To get started, click on “Generate Evaluation Metrics” for a set of metrics tailored for your specific use case.
You can edit these metrics to modify them or add your own.
Use generated metrics
Next, you can run an evaluation on your dataset using these metrics.
This will give you a quantitative understanding of how well your LLM is performing based on the data provided.
Click “Run Evaluation” and Plum AI will provide a statistical analysis of your outputs within seconds.
You now have a snapshot of your LLM application’s performance, which you can track over time.
Not only that, but Plum AI also provides you with reasons why and how your LLM is underperforming on specific metrics.

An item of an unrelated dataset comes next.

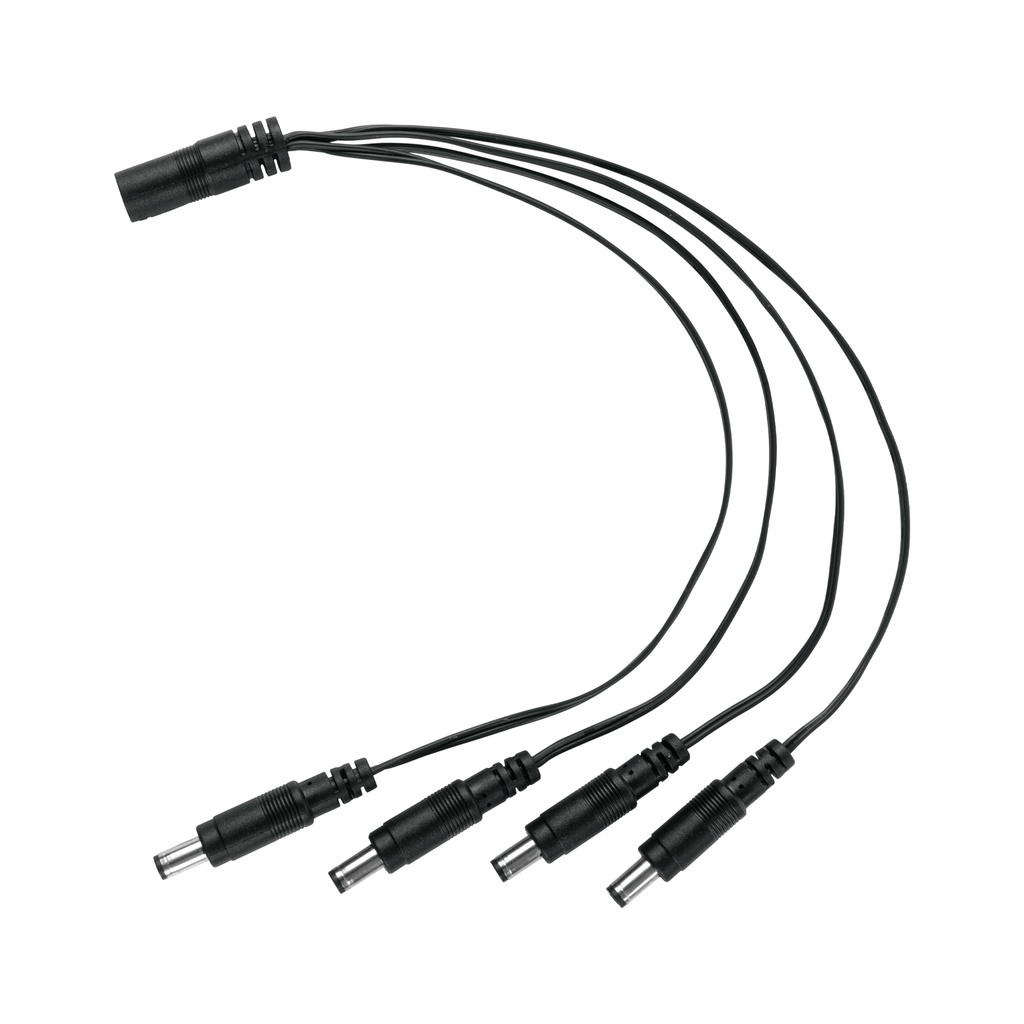 Cable Divisor de Energía tipo Pulpo 1 a 4 para CCTV, Volteck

This allows you to iterate and improve particular aspects of your LLM performance over time.
Fine-tuning workflow
Generate synthetic data driven by the evaluation scores
Now that you have evaluations tailored to your preferences, you may want to fine-tune your LLM.
Providers such as OpenAI and Anthropic allow you to fine-tune models based on a dataset of positive examples you upload to their platform.

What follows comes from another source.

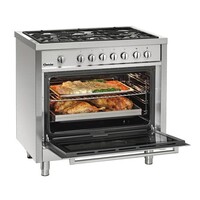 Gasfornuis met elektrische oven met grill | 5 Branders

Plum AI can leverage your evaluation results and provide you with the exact right data to fine-tune a model.
Choose the size of synthetic dataset you want to generate from your initial seed dataset.
For reference, fine-tuning a model requires around at least 100 examples.

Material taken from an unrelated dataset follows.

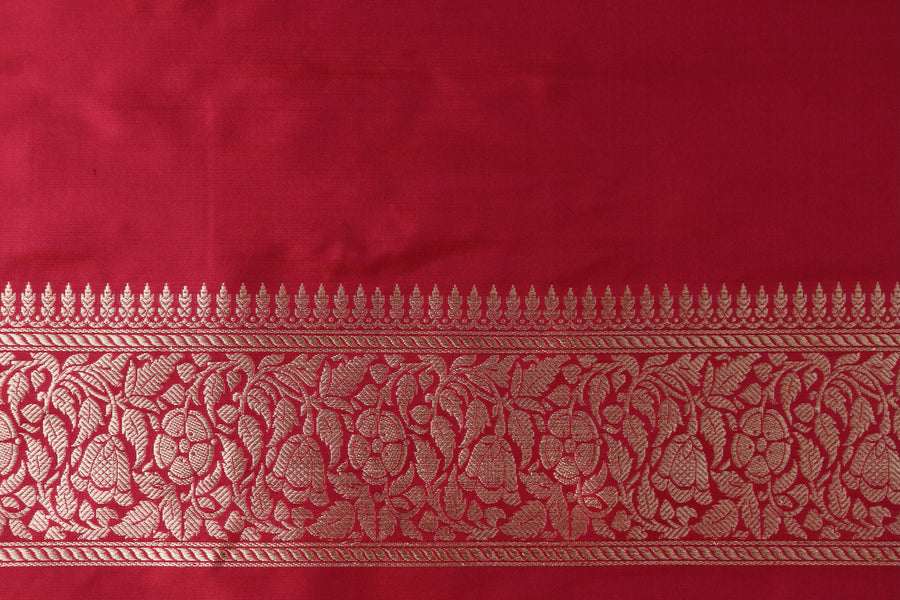 Maroon Kadhua Pure Katan Silk Banarasi Saree | Stuti Weaves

Click the “Generate” button to generate synthetic data based on evaluation scores.
Click on “Download in OpenAI’s .jsonl format” to download the synthetic dataset in the format required by OpenAI’s platform.
Upload the synthetic data to a major LLM provider like OpenAI’s fine-tuning API
Once you have a train.jsonl from Step 5, you could optionally create another file, validation.jsonl, using real heldout data that you haven’t used in the seed dataset.
- Go to the OpenAI fine-tuning page: https://platform.openai.com/finetune
- Click “Create”.
- Upload new training data.
After around 15 minutes, the fine-tuning run completes, and OpenAI will provide a customized model ID that you can start using.
Congratulations! You’ve completed one round of fine-tuning using Plum AI.
Unlock your data flywheel: generate a new set of data using your fine-tuned model, create synthetic data using Plum AI, and start another round of fine-tuning.